• About this exercise:
Among the lines below, count those with "seat". Give only the number.

• Supplied material:
+++

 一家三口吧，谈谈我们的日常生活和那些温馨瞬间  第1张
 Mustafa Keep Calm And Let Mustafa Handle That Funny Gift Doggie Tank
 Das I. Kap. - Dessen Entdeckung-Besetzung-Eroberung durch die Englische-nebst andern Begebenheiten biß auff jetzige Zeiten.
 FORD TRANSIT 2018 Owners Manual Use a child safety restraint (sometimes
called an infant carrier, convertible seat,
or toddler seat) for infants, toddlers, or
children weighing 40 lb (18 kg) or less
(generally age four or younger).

+++

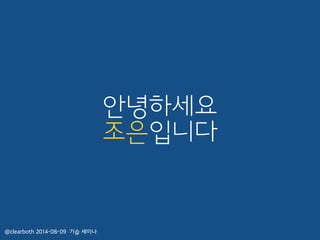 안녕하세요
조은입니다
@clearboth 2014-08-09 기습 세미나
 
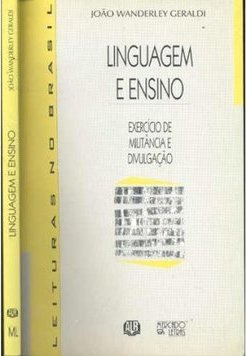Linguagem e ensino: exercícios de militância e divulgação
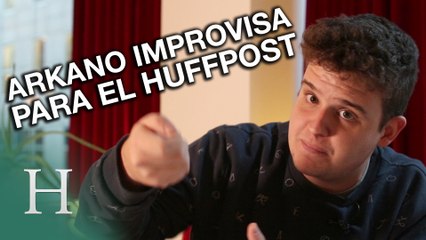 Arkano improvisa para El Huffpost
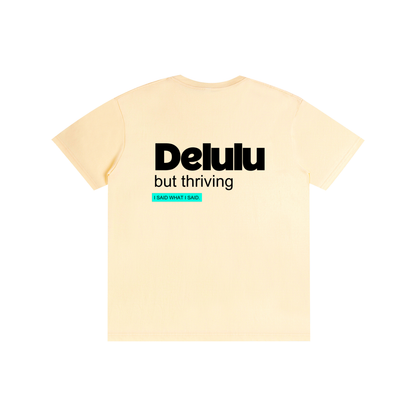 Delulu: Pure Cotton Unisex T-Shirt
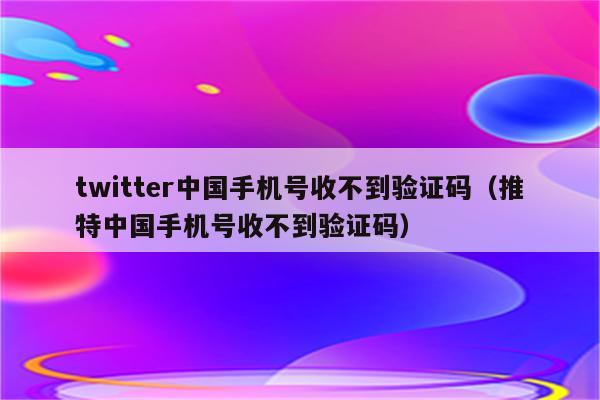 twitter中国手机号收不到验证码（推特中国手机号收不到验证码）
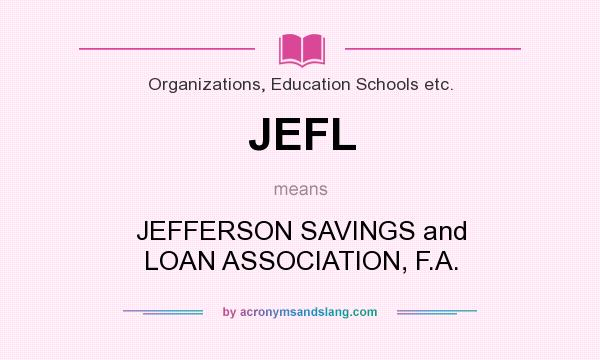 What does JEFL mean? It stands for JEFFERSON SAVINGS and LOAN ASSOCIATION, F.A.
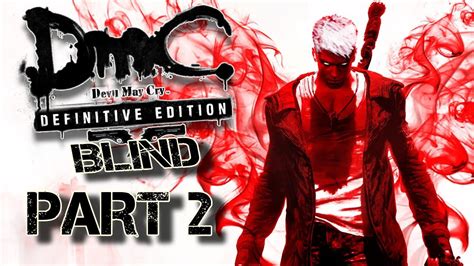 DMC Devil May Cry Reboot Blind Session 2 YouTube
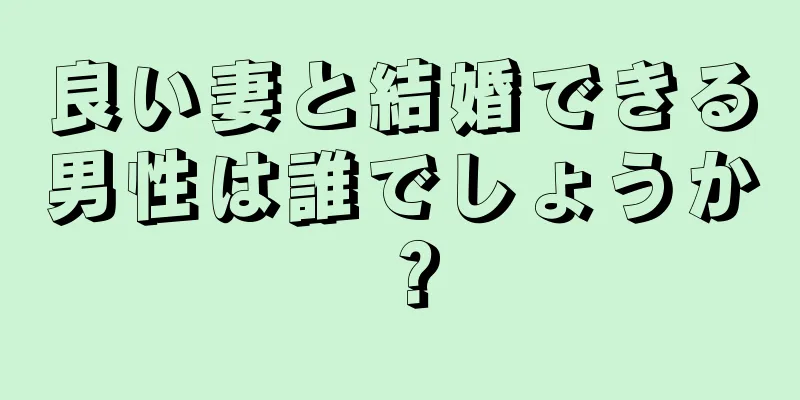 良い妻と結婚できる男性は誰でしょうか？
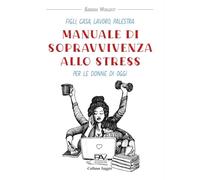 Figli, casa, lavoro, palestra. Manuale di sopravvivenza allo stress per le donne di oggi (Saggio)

+++

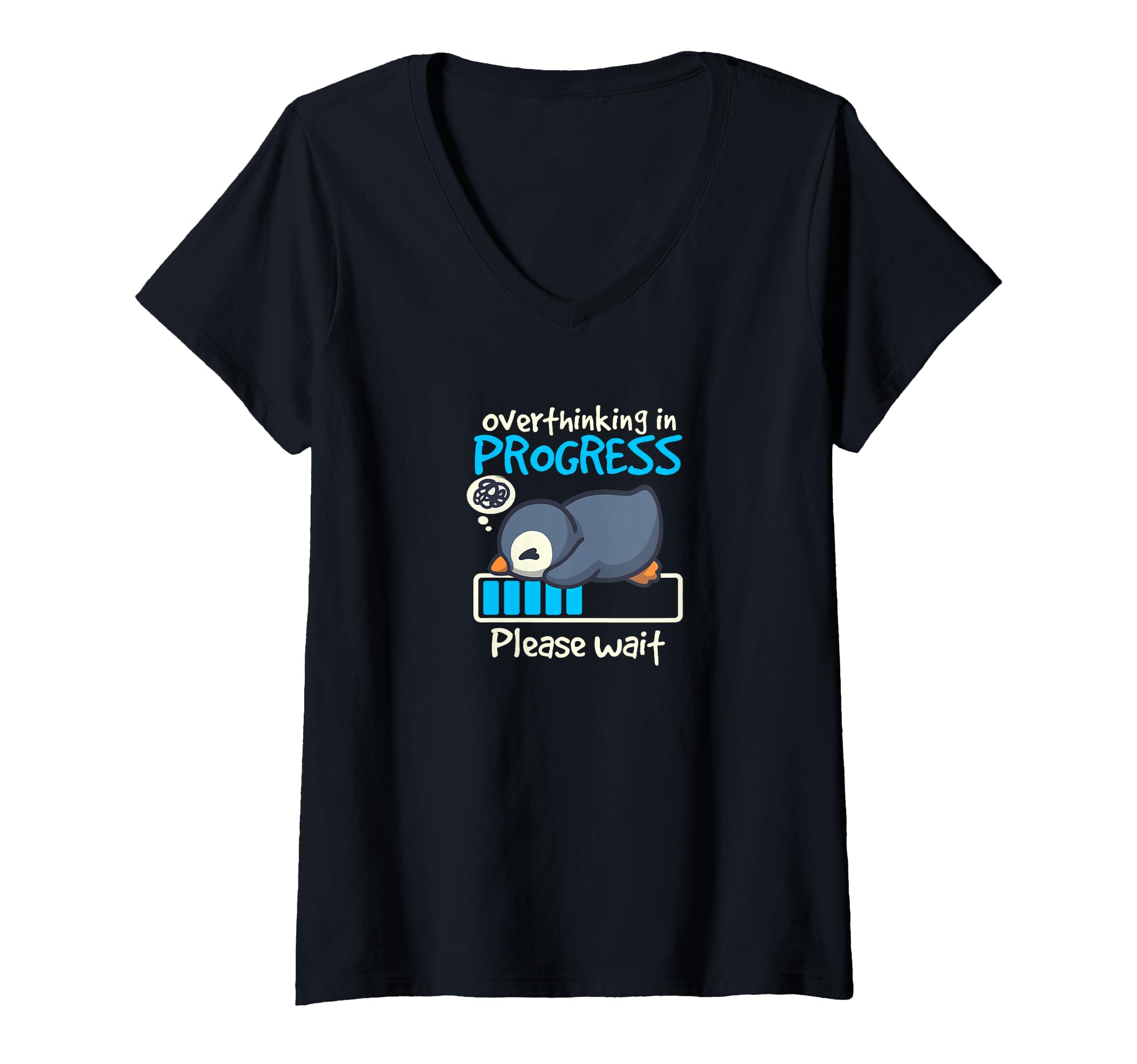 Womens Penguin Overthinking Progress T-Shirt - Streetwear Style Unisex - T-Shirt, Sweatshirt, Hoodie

+++

• Reply:
2